■ Data extracts
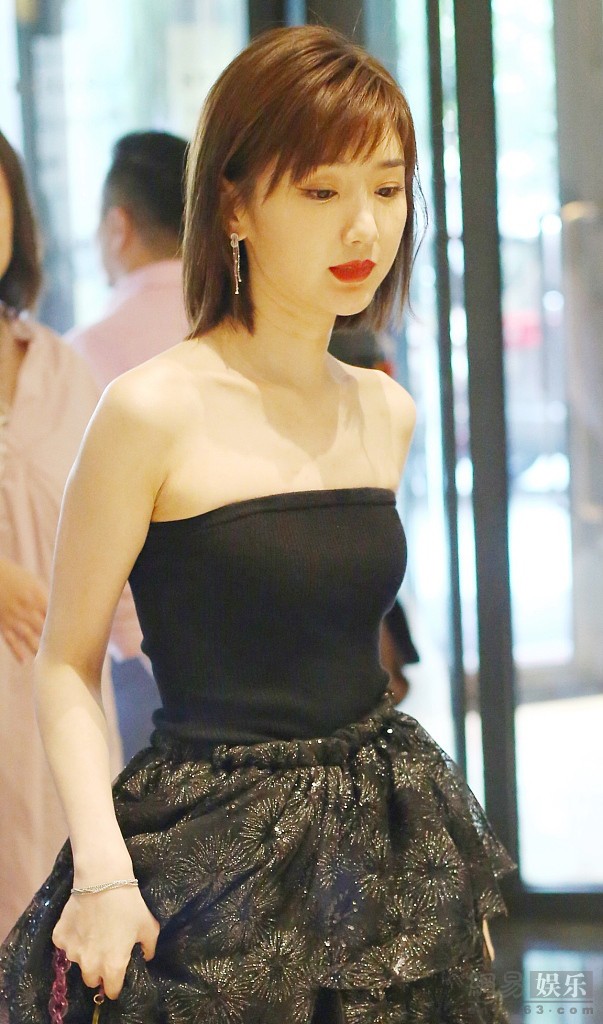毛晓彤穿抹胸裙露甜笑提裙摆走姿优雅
---
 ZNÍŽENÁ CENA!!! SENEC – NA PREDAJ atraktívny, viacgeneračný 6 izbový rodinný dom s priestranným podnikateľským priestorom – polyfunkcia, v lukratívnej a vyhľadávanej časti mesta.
...
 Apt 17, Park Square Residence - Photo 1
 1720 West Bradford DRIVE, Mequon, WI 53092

■ Task prompt
What are the lines above, starting at the one with "Apt 17, Park Square Residence - Photo 1" and ending at the one with "1720 West Bradford DRIVE, Mequon, WI 53092"? Give them again exactly, and only them.

■ Solution
 Apt 17, Park Square Residence - Photo 1
 1720 West Bradford DRIVE, Mequon, WI 53092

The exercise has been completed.